United States Court of Appeals
Fifth Circuit
F I L E D
IN THE UNITED STATES COURT OF APPEALS August 6, 2004
FOR THE FIFTH CIRCUIT Charles R. Fulbruge III
Clerk
No. 03-30688
LOCAL 107 OFFICE & PROFESSIONAL EMPLOYEES
INTERNATIONAL UNION,
Plaintiff - Counter Defendant - Appellant,
versus
OFFSHORE LOGISTICS, INC.,
Defendant - Counter Claimant - Appellee.
Appeal from the United States District Court
for the Western District of Louisiana
Before GARWOOD, HIGGINBOTHAM and SMITH, Circuit Judges.
PER CURIAM:
This dispute centers on the efforts of Offshore Logistics,
Inc., and Local 107 Office & Professional Employees International
Union to amend the terms of their collective bargaining agreement.

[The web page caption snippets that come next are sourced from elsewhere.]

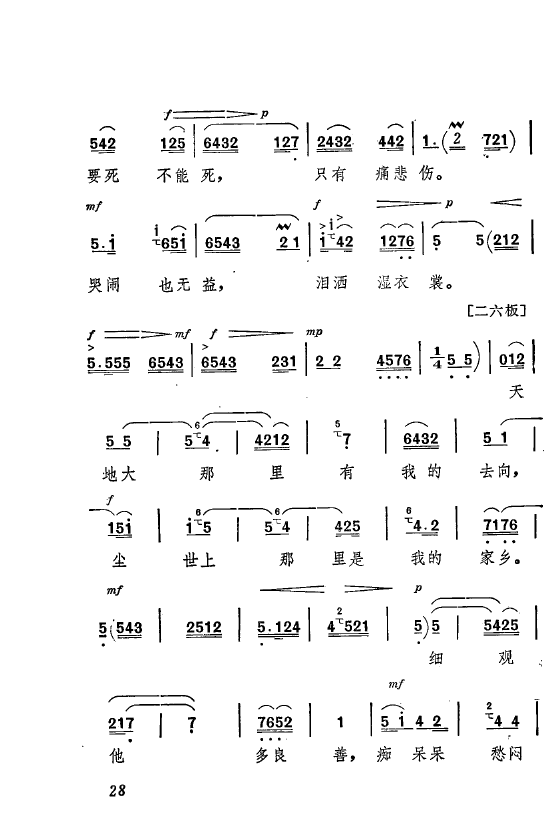 ף Ҫǻx ǻF(xin) 000 050(ʮּ)32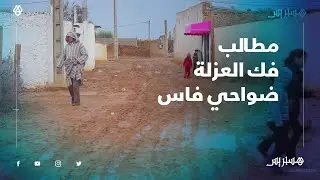 معاناة جديدة مع كل موسم أمطار.. ساكنة عين البيضاء تطالب مسؤولي فاس بفك العزلة عنهم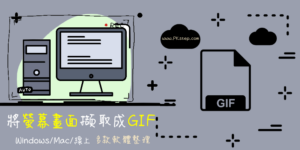 精選5款螢幕錄影轉GIF工具（Win/Mac），電腦畫面錄製GIF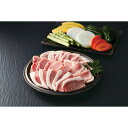 神戸ポーク 焼肉用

The district court rejected Local 107's attempt to enforce an
alleged agreement to raise wages, concluding that the parties did
not validly amend the CBA. Finding no error, we affirm.
I
Offshore and Local 107 are parties to a collective bargaining
agreement that governs relations between the parties. Offshore is
an air carrier regulated by the Railway Labor Act,1 and Local 107
is the labor union certified by the National Mediation Board as the
bargaining representative for pilots employed by Offshore.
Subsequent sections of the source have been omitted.